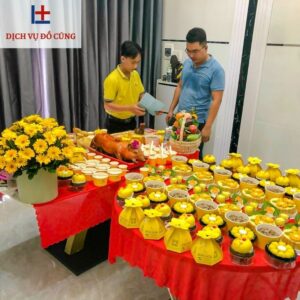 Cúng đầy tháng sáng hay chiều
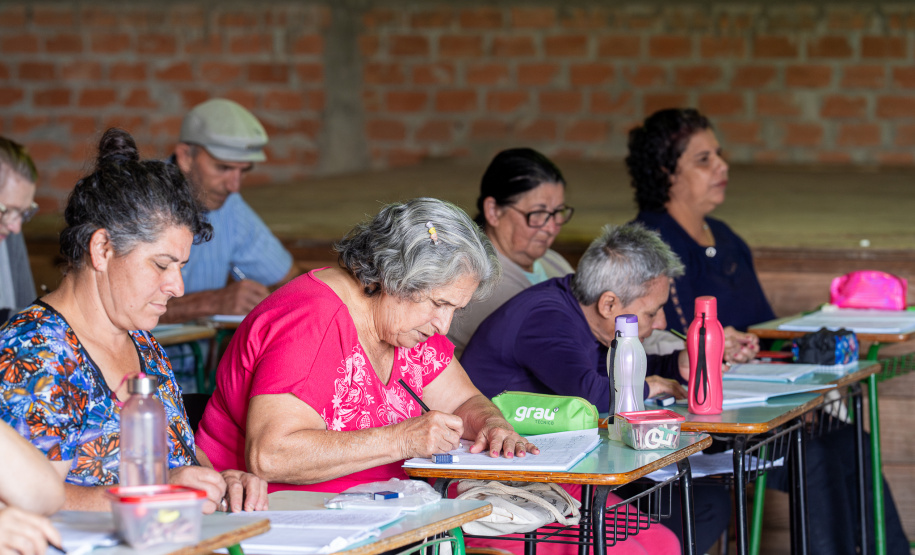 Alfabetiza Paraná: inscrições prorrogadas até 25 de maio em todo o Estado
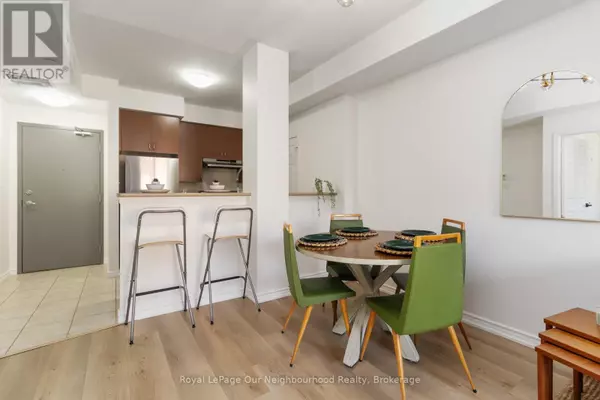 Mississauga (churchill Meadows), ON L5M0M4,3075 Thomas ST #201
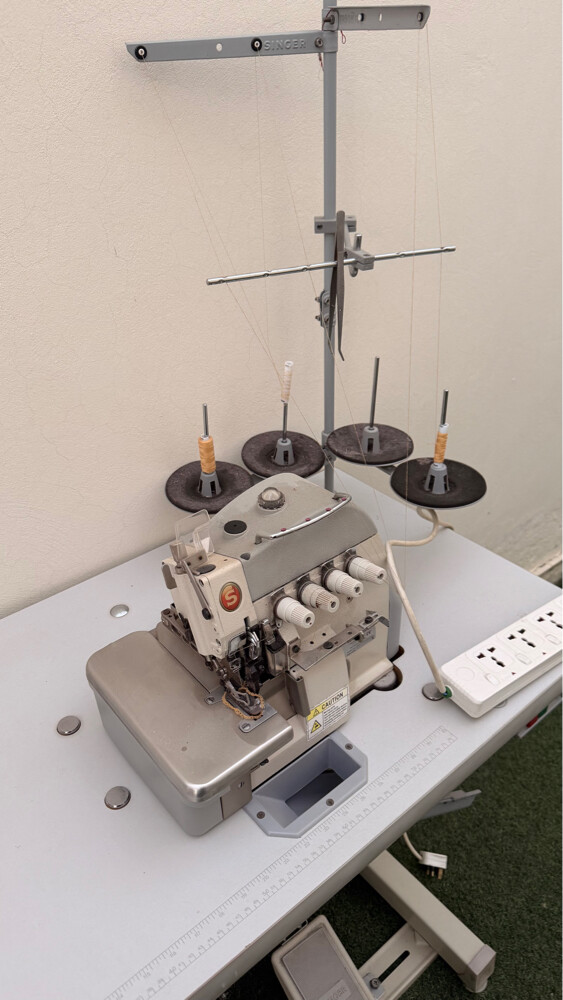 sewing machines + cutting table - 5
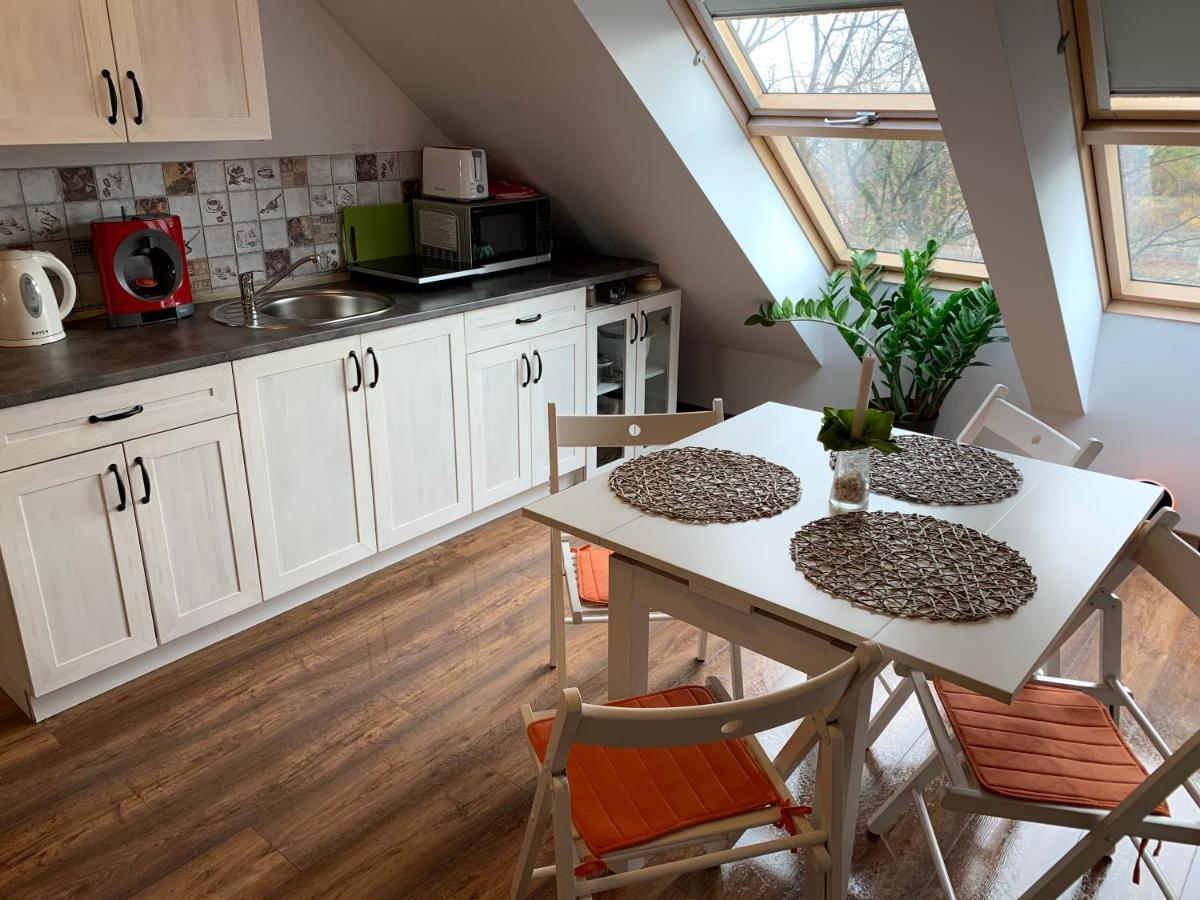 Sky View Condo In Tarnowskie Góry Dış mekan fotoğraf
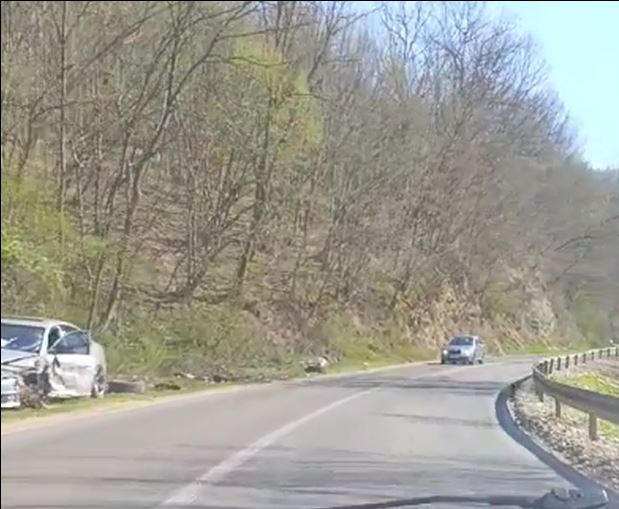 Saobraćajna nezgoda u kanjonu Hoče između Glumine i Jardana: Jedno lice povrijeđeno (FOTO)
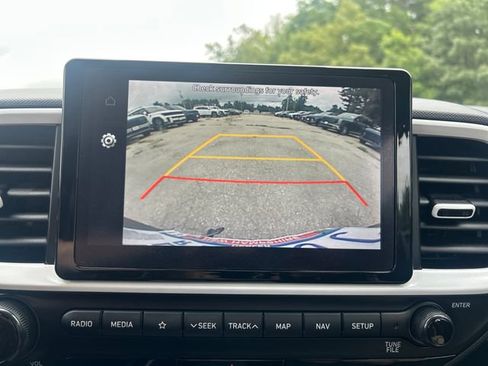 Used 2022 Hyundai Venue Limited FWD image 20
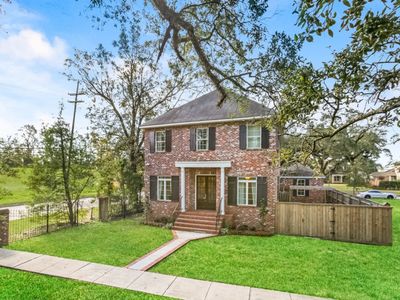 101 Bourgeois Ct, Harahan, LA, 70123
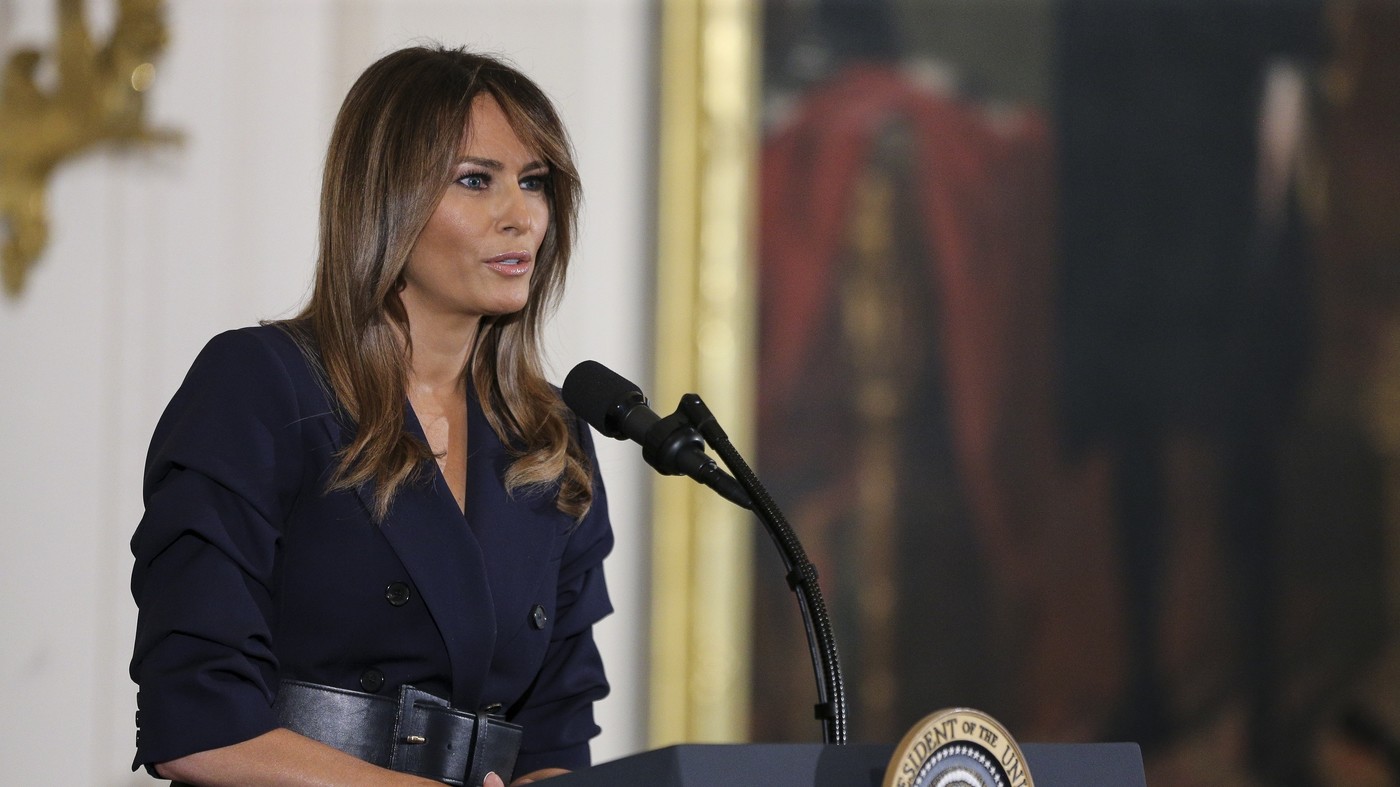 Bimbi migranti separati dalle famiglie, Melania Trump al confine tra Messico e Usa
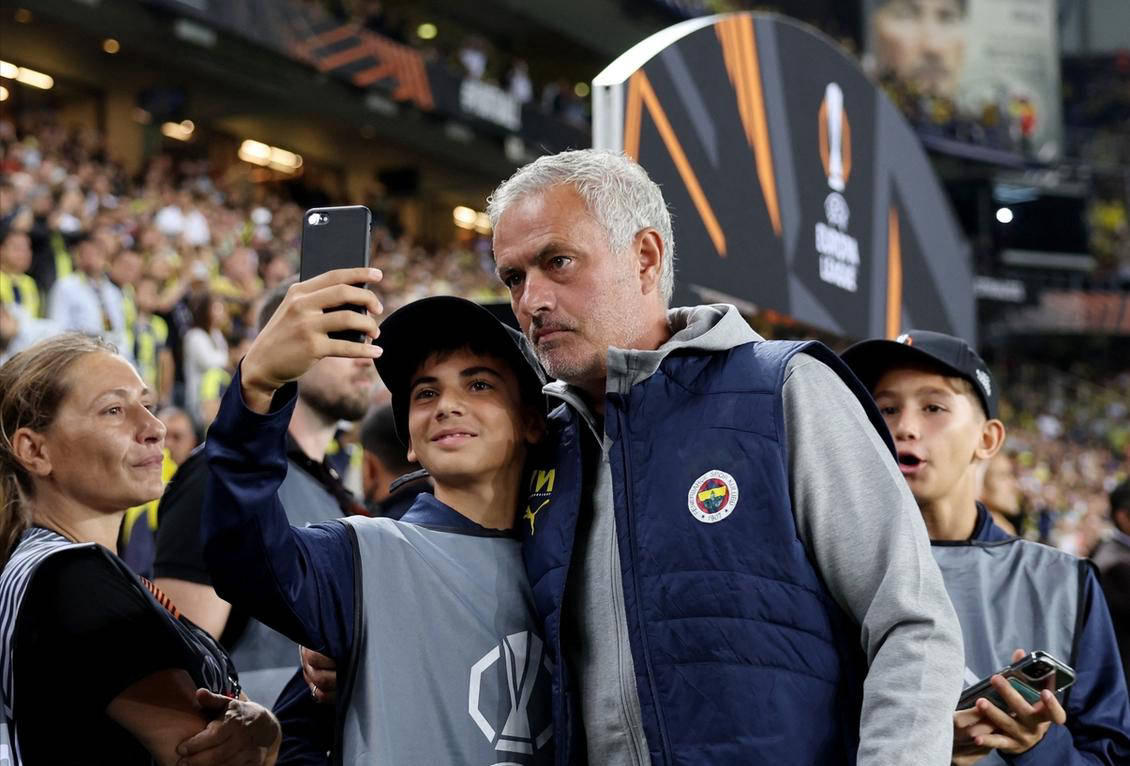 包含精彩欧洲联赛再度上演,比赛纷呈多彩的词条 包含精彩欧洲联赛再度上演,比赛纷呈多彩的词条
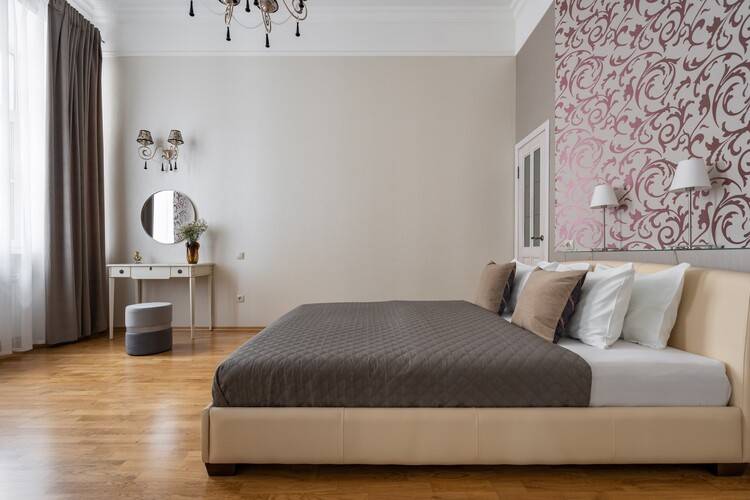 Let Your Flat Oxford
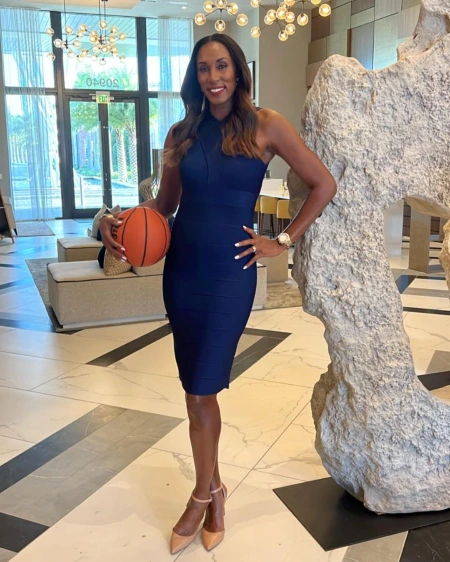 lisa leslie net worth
--*--
:: Task directions ::
Your answer should be an exact copy of the entries above, with no images included.

:: Response ::
 Cúng đầy tháng sáng hay chiều
 Alfabetiza Paraná: inscrições prorrogadas até 25 de maio em todo o Estado
 Mississauga (churchill Meadows), ON L5M0M4,3075 Thomas ST #201
 sewing machines + cutting table - 5
 Sky View Condo In Tarnowskie Góry Dış mekan fotoğraf
 Saobraćajna nezgoda u kanjonu Hoče između Glumine i Jardana: Jedno lice povrijeđeno (FOTO)
 Used 2022 Hyundai Venue Limited FWD image 20
 101 Bourgeois Ct, Harahan, LA, 70123
 Bimbi migranti separati dalle famiglie, Melania Trump al confine tra Messico e Usa
 包含精彩欧洲联赛再度上演,比赛纷呈多彩的词条 包含精彩欧洲联赛再度上演,比赛纷呈多彩的词条
 Let Your Flat Oxford
 lisa leslie net worth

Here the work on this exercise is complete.